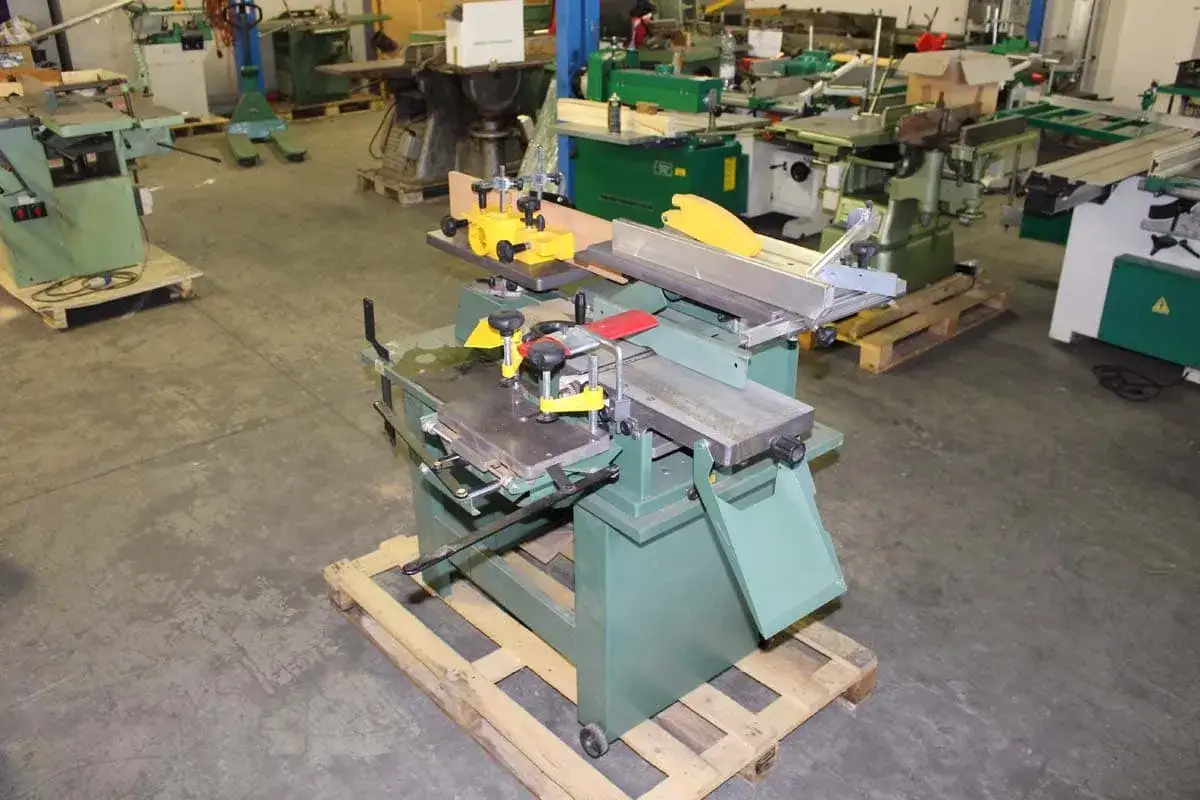 Un combiné kity occasion, machine à bois polyvalente, est prêt pour de nouveaux projets.
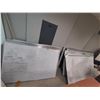 Image 2 : APPROX. 31 PCS ASSORTED  SIZE WHITE BOARD/ CORK BOARD WITH ALUMINUM FRAME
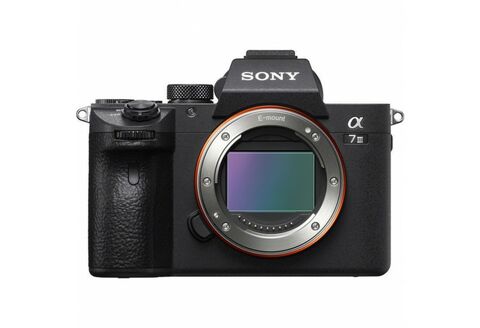 Sony A7 MKIII + FE 28-70mm OSS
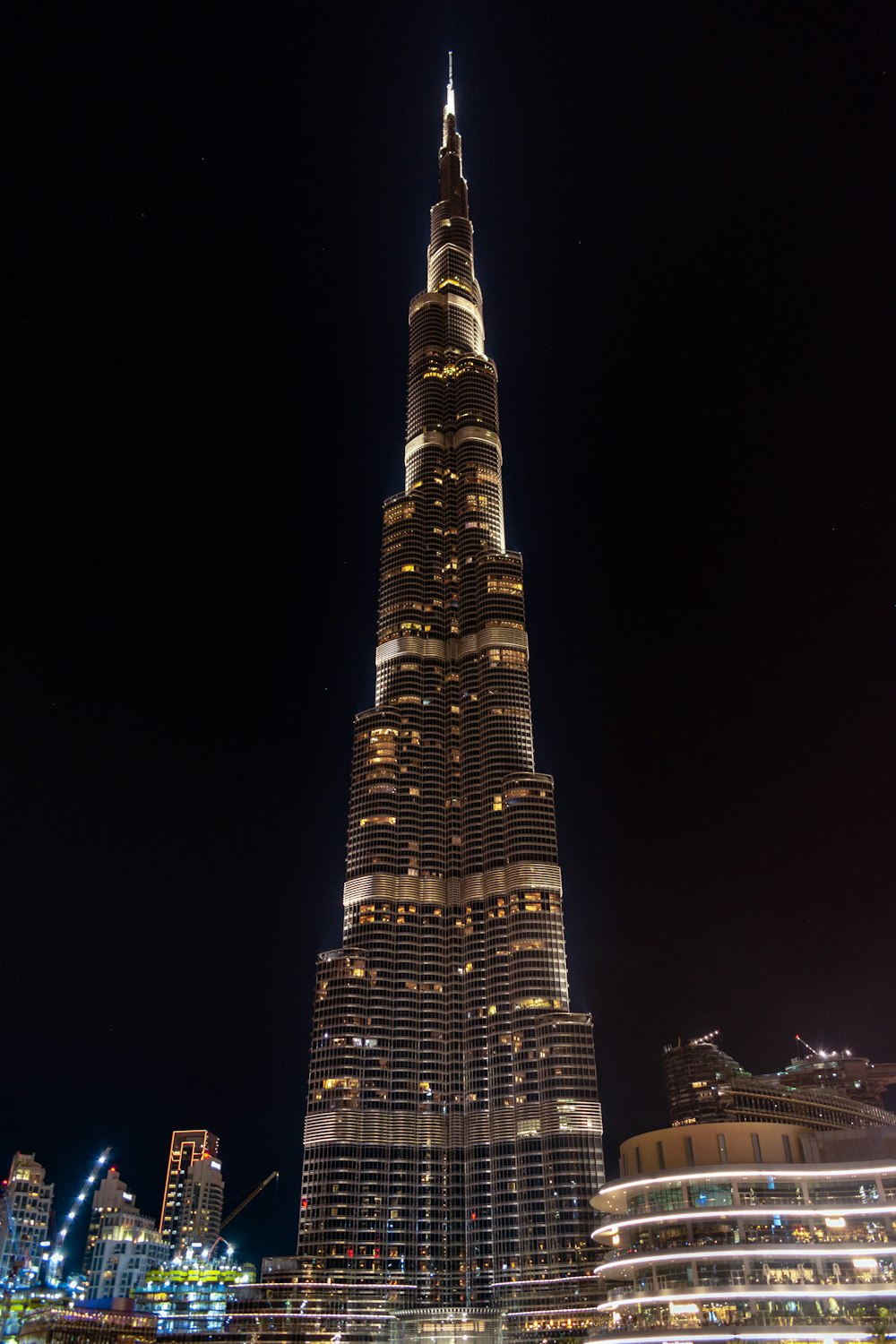 Edificio gris de gran altura durante la noche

-.-.-

§ **Task prompt**: Would you reproduce the listing above in full and exactly, without its pictures?

§ **Task result**:
 Un combiné kity occasion, machine à bois polyvalente, est prêt pour de nouveaux projets.
 Image 2 : APPROX. 31 PCS ASSORTED  SIZE WHITE BOARD/ CORK BOARD WITH ALUMINUM FRAME
 Sony A7 MKIII + FE 28-70mm OSS
 Edificio gris de gran altura durante la noche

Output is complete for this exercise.